→ TASK STATEMENT: Beginning with the line containing "Magic Wand leather", write out each line exactly through the end of the listing, and skip all pictures.
*** Opening INPUT DATA ***
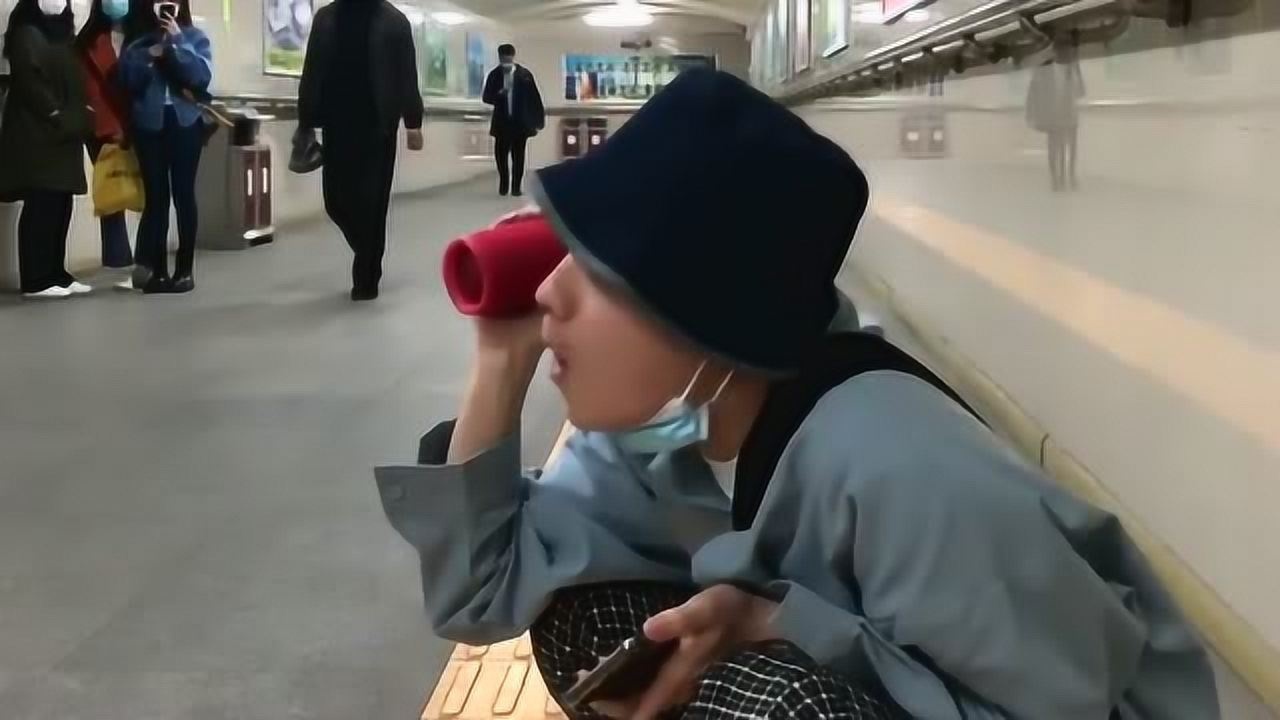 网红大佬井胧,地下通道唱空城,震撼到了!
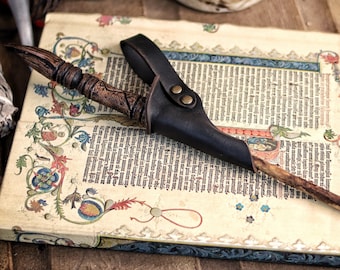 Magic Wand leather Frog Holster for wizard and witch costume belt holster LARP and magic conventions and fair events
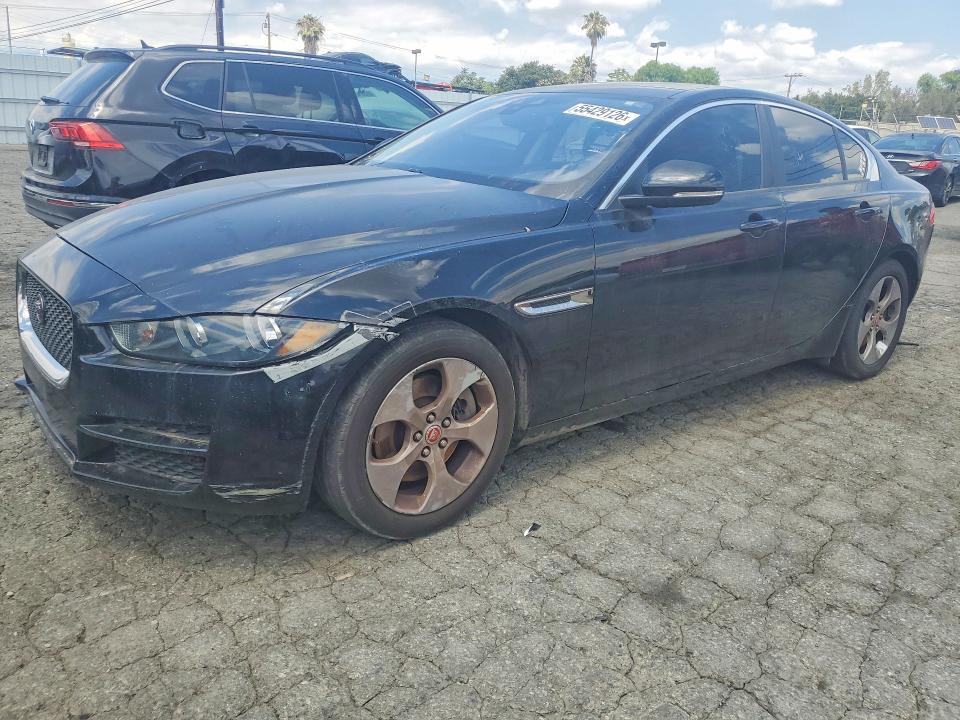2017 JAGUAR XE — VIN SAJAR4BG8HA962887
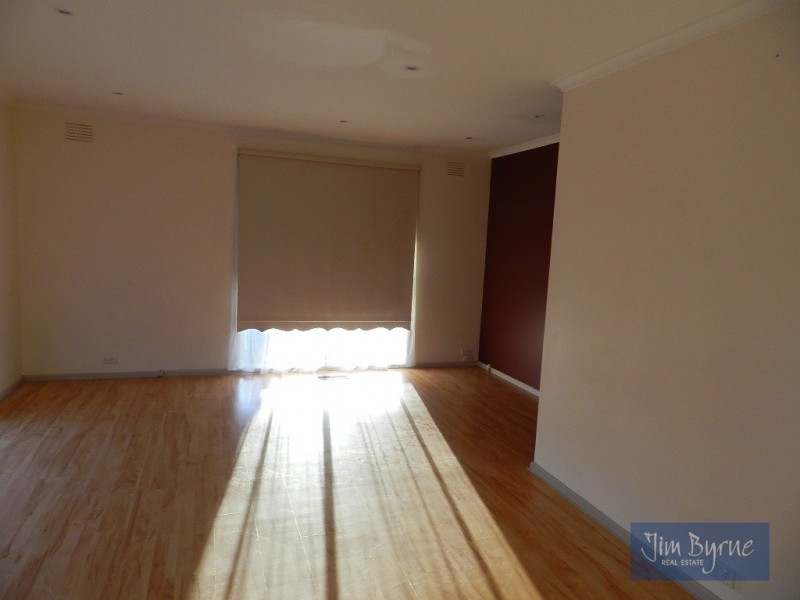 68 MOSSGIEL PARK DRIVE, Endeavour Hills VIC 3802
*** Closing INPUT DATA ***
→ ANSWER AREA:
 Magic Wand leather Frog Holster for wizard and witch costume belt holster LARP and magic conventions and fair events
2017 JAGUAR XE — VIN SAJAR4BG8HA962887
 68 MOSSGIEL PARK DRIVE, Endeavour Hills VIC 3802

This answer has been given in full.